Wakil Ketua DPRD Provinsi Jatim Siap Kawal Usulan Sarpras SMAN 1 Malo Bojonegoro
Wakil Ketua DPRD Jatim Sri Wahyuni menyatakan siap mengawal usulan penambahan sarpras SMAN 1 Malo Bojonegoro yang didukung anggaran pendidikan APBD Jatim 2026.
Anggaran Pendidikan APBD Jatim 2026 Jadi Penopang Utama
BOJONEGORO — Wakil Ketua Dewan Perwakilan Rakyat Daerah (DPRD) Provinsi Jawa Timur, Sri Wahyuni, menyatakan kesiapan mengawal usulan penambahan sarana dan prasarana (sarpras) pendidikan di Sekolah Menengah Atas Negeri (SMAN) 1 Malo, Kabupaten Bojonegoro.

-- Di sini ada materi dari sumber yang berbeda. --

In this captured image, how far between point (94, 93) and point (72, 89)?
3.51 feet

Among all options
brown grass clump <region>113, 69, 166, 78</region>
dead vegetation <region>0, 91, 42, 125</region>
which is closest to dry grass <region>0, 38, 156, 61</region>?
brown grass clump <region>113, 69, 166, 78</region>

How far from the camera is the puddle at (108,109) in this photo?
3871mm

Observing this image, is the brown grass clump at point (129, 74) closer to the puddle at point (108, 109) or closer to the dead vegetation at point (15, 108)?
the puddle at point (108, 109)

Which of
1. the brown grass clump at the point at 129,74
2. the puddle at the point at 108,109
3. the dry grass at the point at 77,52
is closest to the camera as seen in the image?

Sri Wahyuni menegaskan, pengawalan tersebut menjadi bagian dari fungsi representasi dan pengawasan DPRD, terlebih SMAN 1 Malo berada di daerah pemilihannya.
“Tentu kami siap mengawal usulan SMAN 1 Malo terkait penambahan sarpras di sekolah tersebut. Kebetulan satuan pendidikan ini berada di daerah pemilihan saya,” ujar Sri Wahyuni.

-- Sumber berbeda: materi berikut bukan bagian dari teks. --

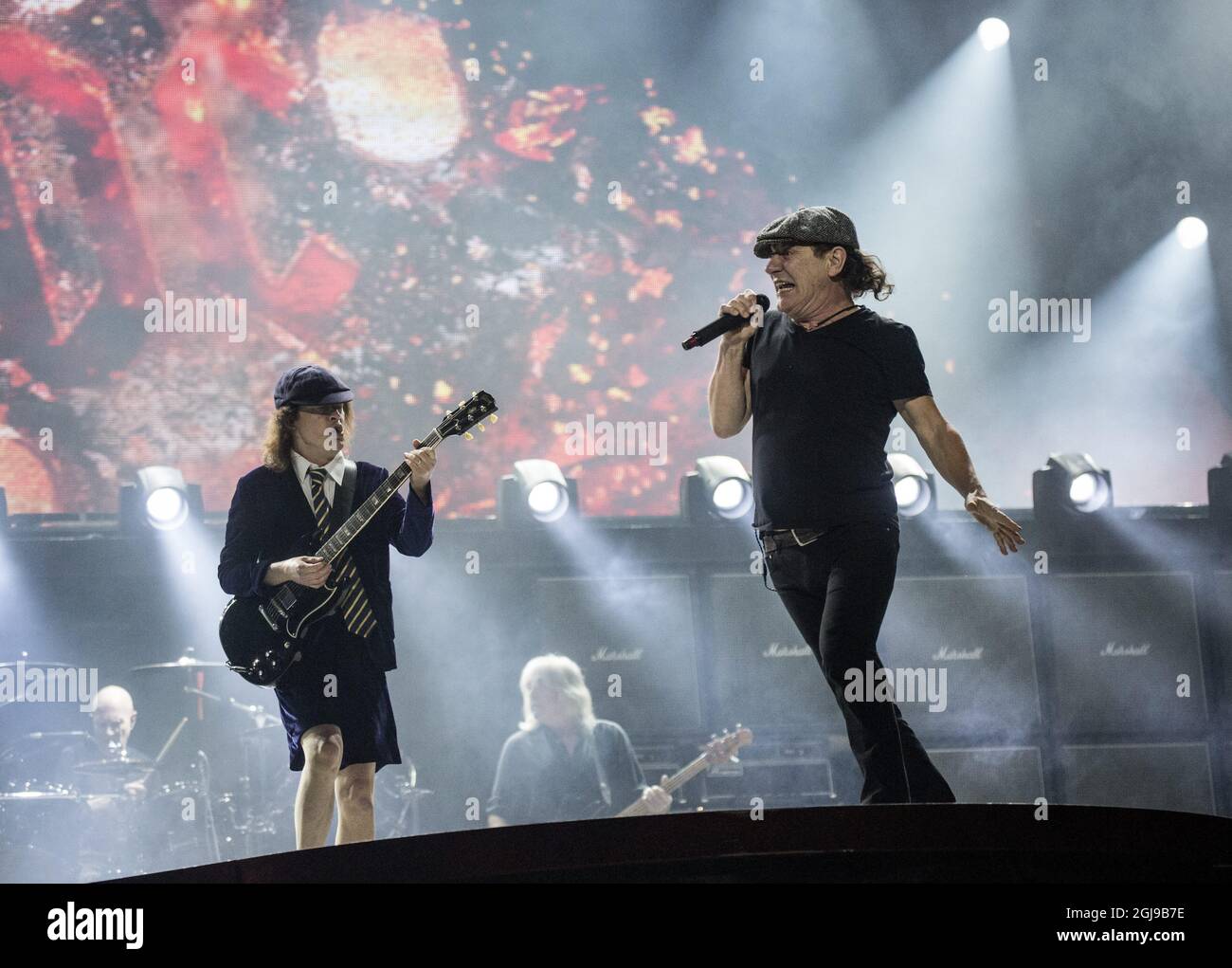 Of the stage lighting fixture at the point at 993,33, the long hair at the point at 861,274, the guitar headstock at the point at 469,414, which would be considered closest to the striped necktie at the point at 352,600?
the guitar headstock at the point at 469,414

Ia menjelaskan, struktur anggaran bidang pendidikan dalam APBD Provinsi Jawa Timur Tahun Anggaran 2026 mencapai sekitar Rp9,497 triliun. Anggaran tersebut mencakup belanja Dinas Pendidikan Provinsi Jawa Timur serta berbagai program pendukung lainnya, termasuk pendanaan bagi SMK Negeri berstatus Badan Layanan Umum Daerah (BLUD).

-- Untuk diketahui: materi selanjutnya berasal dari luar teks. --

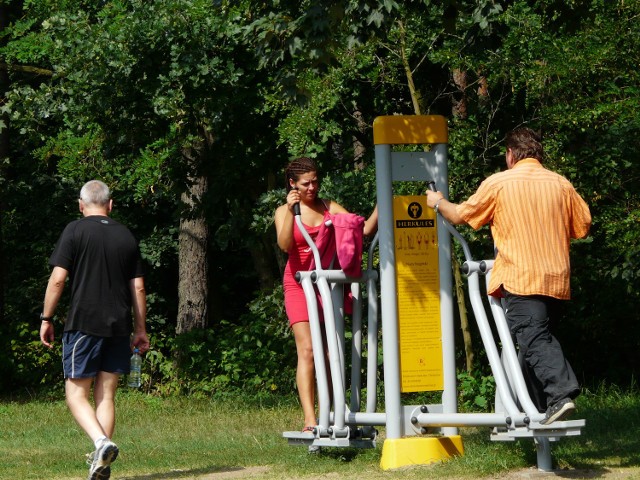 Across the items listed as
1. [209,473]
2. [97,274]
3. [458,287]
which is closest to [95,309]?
[97,274]

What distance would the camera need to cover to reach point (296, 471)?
739 centimetres

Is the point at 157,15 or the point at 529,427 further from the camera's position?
the point at 157,15

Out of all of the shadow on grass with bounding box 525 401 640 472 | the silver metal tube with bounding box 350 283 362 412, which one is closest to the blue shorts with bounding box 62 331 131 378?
the silver metal tube with bounding box 350 283 362 412

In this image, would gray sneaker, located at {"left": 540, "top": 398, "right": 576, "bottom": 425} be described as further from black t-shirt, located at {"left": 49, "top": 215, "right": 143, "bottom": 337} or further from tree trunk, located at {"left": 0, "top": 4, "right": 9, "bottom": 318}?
tree trunk, located at {"left": 0, "top": 4, "right": 9, "bottom": 318}

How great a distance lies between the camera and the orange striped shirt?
6.62 m

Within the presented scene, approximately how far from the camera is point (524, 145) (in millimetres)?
6922

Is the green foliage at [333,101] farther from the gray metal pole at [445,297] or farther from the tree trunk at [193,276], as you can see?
the tree trunk at [193,276]

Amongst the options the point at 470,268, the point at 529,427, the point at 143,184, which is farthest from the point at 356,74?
the point at 529,427

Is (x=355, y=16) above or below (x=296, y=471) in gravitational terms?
above

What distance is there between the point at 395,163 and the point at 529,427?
6.23 ft

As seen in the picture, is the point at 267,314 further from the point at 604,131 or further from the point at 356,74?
the point at 604,131

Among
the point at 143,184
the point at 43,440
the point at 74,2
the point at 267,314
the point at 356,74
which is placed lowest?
the point at 43,440

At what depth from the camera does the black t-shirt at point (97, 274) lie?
24.1ft

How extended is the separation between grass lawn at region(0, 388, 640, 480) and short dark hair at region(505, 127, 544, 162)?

“Artinya, Pemerintah Provinsi dan DPRD Jawa Timur menempatkan anggaran pendidikan sebagai prioritas utama. Karena itu, kami siap mengawal usulan sarpras SMAN 1 Malo Bojonegoro sesuai ketentuan yang berlaku,” imbuh politisi Partai Demokrat tersebut.
Baca Juga:
-
Sri Untari Komisi E: Dukungan sarana prasarana adalah kunci
-
Bu Waka DPRD: Program pendidikan 48 miliar Khofifah langkah strategis dan humanis untuk buka akses pendidikan siswa prasejahtera di Jawa Timur
-
Sri Wahyuni: Pendidikan Kunci Meningkatkan Kualitas SDM dan Memajukan Bangsa
Cabang Dinas Pendidikan Dukung Usulan SMAN 1 Malo
Di tempat terpisah, Kepala Cabang Dinas Pendidikan (Kacabdin) Provinsi Jawa Timur Wilayah Bojonegoro–Tuban, Hidayat Rahman, menyatakan dukungan penuh terhadap usulan pengadaan sarpras SMAN 1 Malo Bojonegoro.
“Kami siap membuatkan surat pengantar atas usulan dari SMAN 1 Malo ke Dinas Pendidikan Provinsi Jawa Timur,” kata Hidayat Rahman.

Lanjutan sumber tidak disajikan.